Melkorran shapes each and every part of the tree with utmost care and love. He builds the most beautiful glass tree which glistens with the sun rays but in spite of its magnificence there is something that the glass tree lacks.
Soon the images start to fade away from the wall in front of Unni and his story comes to an end.
This is actually retelling of a prize-winning original story. Fascinating art work by Poonam Athalye is a treat for the eyes.
Wednesday, March 7, 2012
Title : Trade Winds To Meluhha
Author : Vasant Dave
Publisher : Vasantrai P. Dave
E-format ISBN : 978-81-922506-0-1
In 'Trade Winds to Meluhha', the author Vasant Dave recreates the scene of Bronze Age in Mesopotamia and Indus Valley Civilization. As the title of the book suggests, the story revolves around the trade between the two ancient civilizations.
Samasin, the stable boy of a Babylonian - Nergal, gets accused falsely in a murder case of a visitor who happens to be a businessman from Meluhha. He absconds from that place in search of Siwa Saqra, the person whose name the dying man uttered. As the destiny would have it, he meets beautiful lass Velli and falls in love with her but she does not reciprocate his feelings because of her own reasons. There is another character Anu who is in search of certain men for revenge. Samasin with the assistance of Anu gets to decipher a Dholavira glyph which leads them to another adventure in the ravines of Saraswati. He does succeed in finding Siwa Saqra in Mohenjodaro but is there something more to the murder in Babylon than he knew already?
Gradually the mystery gets revealed behind the trade between Meluhha and Mesopotamia and the master mind responsible for the execution of wicked schemes is unmasked.
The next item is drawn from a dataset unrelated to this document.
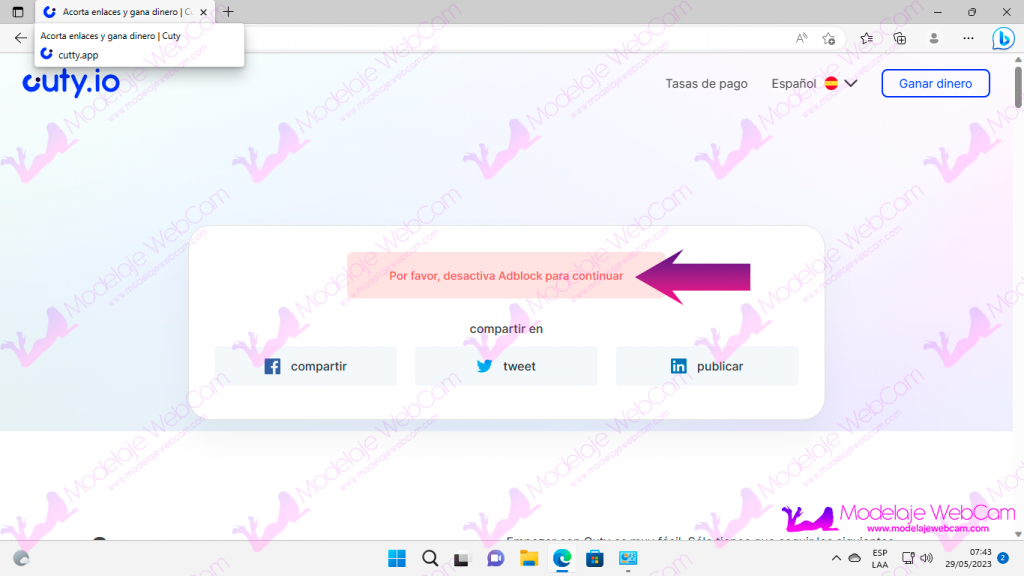 Pagina con detector de bloqueo de anuncios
A very well thought out plot and is executed cleverly. While reading the book, the readers would surely get the feeling of travelling back in time and I must compliment the author in providing the perfect balance of authenticity and imagination in the narration. The way each character is etched, the names given to them, certain phrases of bygone era and the sensibilities of that society - make for an interesting read. It is evident that author has done a lot of research on that period of time, the people who lived then and their lifestyles and he has succeeded in creating the rustic feel to the story which is absolutely required for a historical novel.
But how much ever I try, I cannot avoid mentioning that the story is not free of typos, a couple of more editing iterations should have been done before releasing the final version. As I began reading the book, for initial 25-30 pages, I found it a cumbersome read because of introduction of too many characters too soon and completely unfamiliar kind of setting but slowly the saga pulled me in and then I realized that perhaps that kind of introduction is absolutely necessary for setting the stage.
This book claims to be the first professionally researched novel on Harappan Civilization. It is available as eBook on Amazon.